━━━━━ DATA ━━━━━

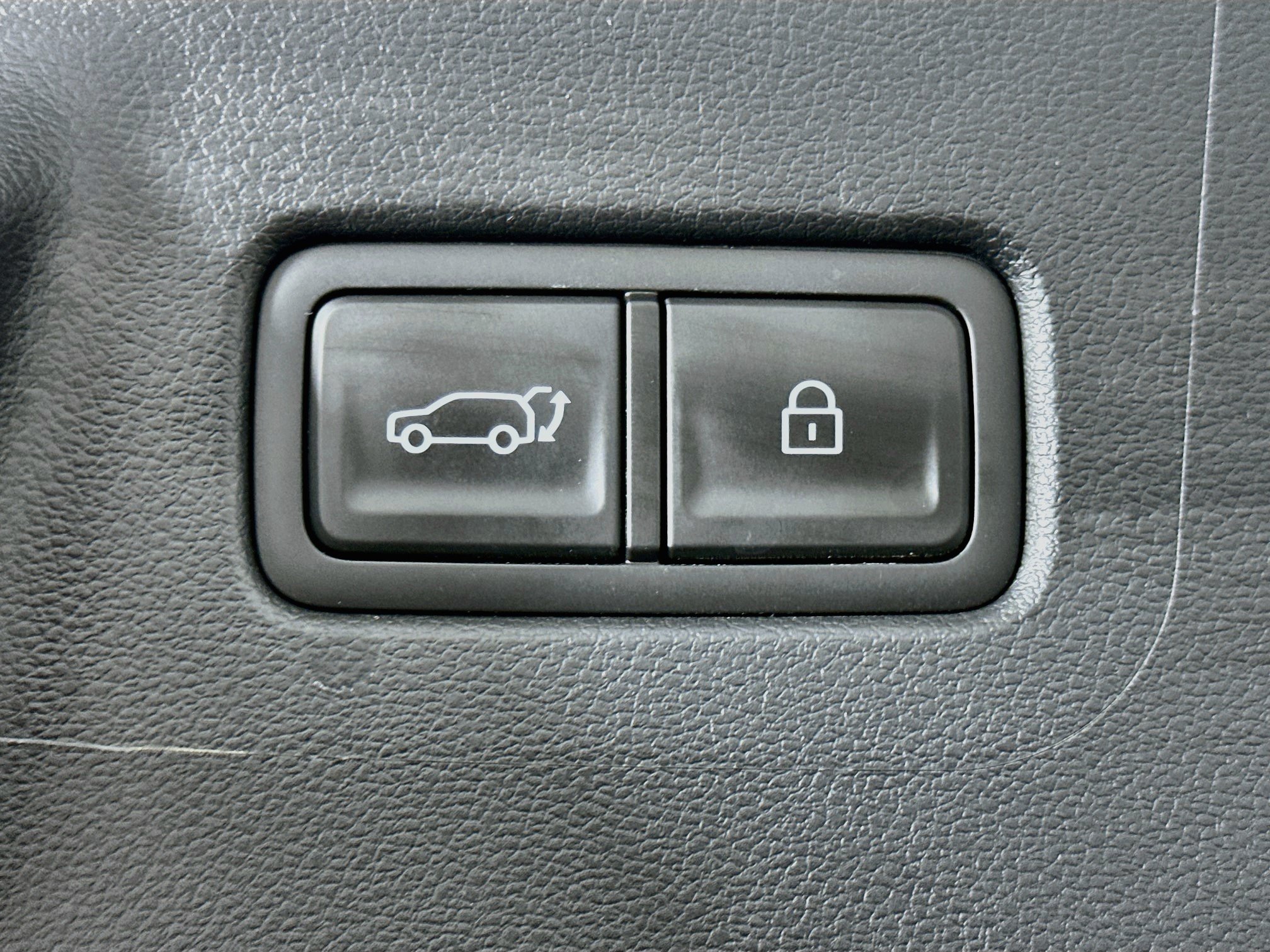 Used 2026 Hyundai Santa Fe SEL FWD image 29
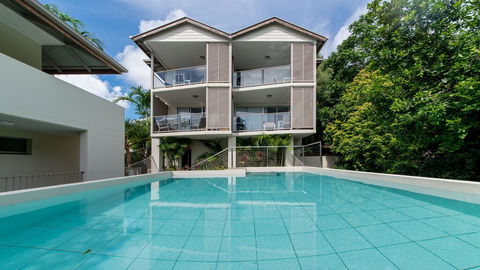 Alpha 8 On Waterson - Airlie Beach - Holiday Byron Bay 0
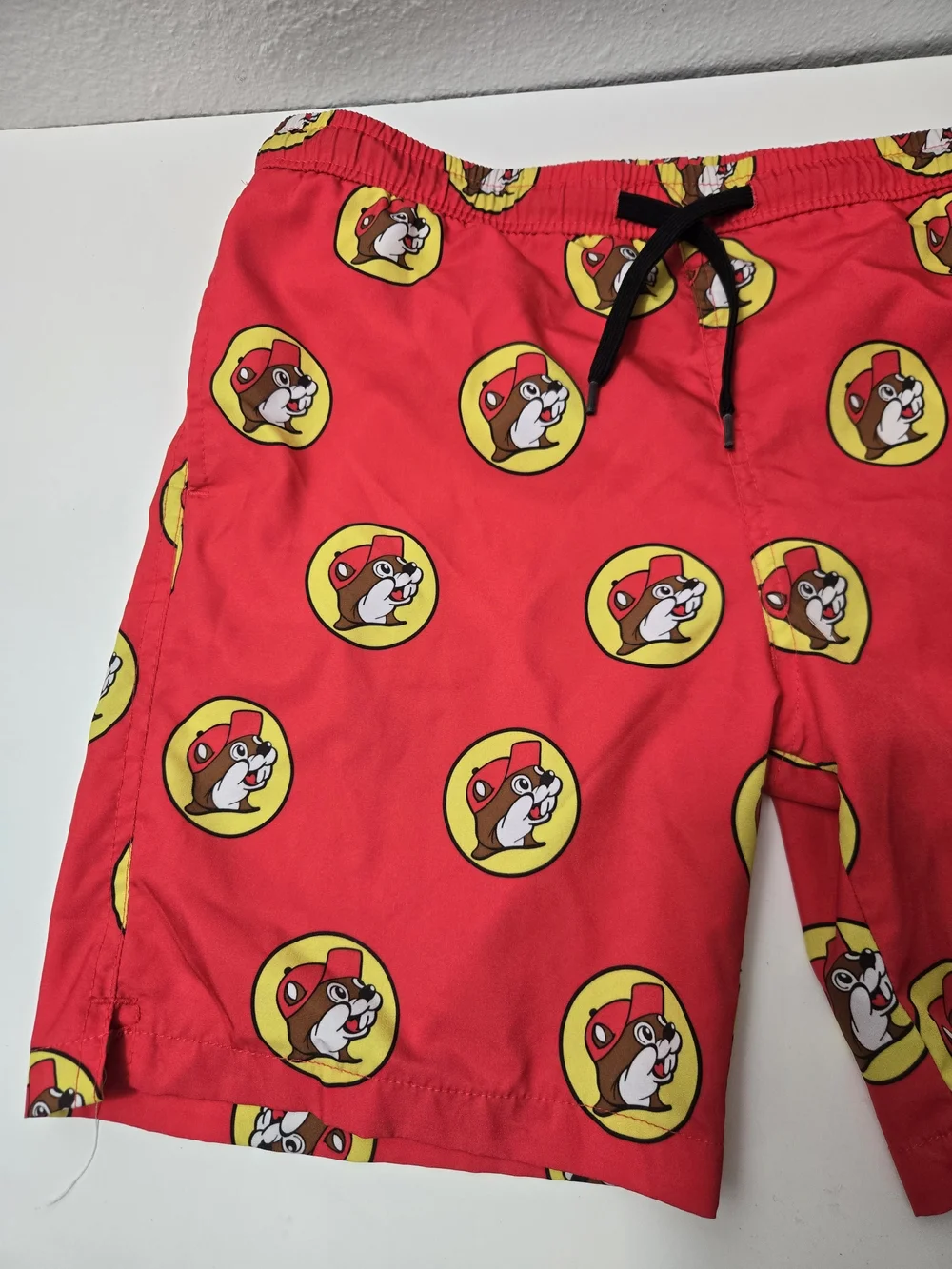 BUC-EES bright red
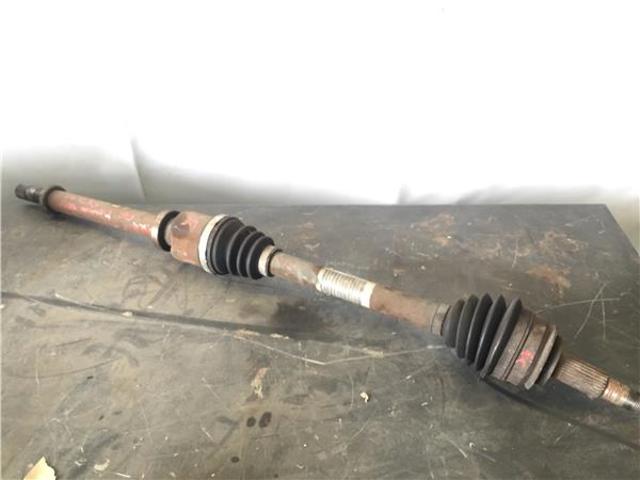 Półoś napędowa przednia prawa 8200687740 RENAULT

━━━━━

Pictures aside, reproduce exactly the lines from the one containing "BUC-EES bright red" to the end of the listing above, both ends included.

 BUC-EES bright red
 Półoś napędowa przednia prawa 8200687740 RENAULT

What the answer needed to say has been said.